*Material for the task*
..............................
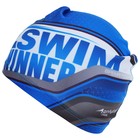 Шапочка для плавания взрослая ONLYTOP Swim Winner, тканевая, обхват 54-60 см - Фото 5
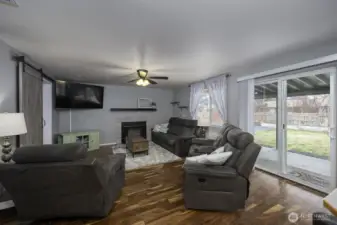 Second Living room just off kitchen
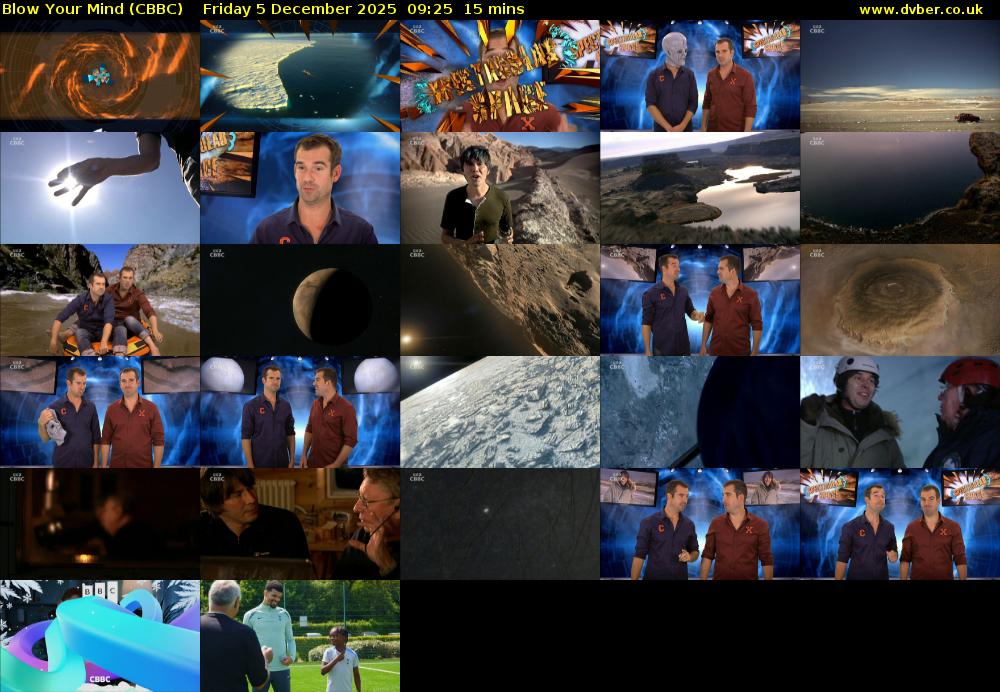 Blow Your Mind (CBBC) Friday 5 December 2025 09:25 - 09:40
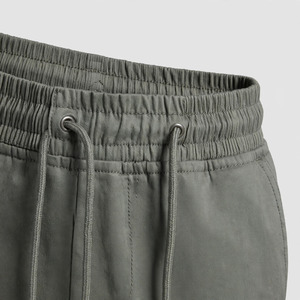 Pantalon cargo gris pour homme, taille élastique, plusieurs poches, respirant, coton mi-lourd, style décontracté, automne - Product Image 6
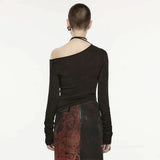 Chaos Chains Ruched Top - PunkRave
..............................
*Task directions*
Down to the final line, restate the material above word for word, but omit its pictures.

*Task solution*
 Шапочка для плавания взрослая ONLYTOP Swim Winner, тканевая, обхват 54-60 см - Фото 5
 Second Living room just off kitchen
 Blow Your Mind (CBBC) Friday 5 December 2025 09:25 - 09:40
 Pantalon cargo gris pour homme, taille élastique, plusieurs poches, respirant, coton mi-lourd, style décontracté, automne - Product Image 6
 Chaos Chains Ruched Top - PunkRave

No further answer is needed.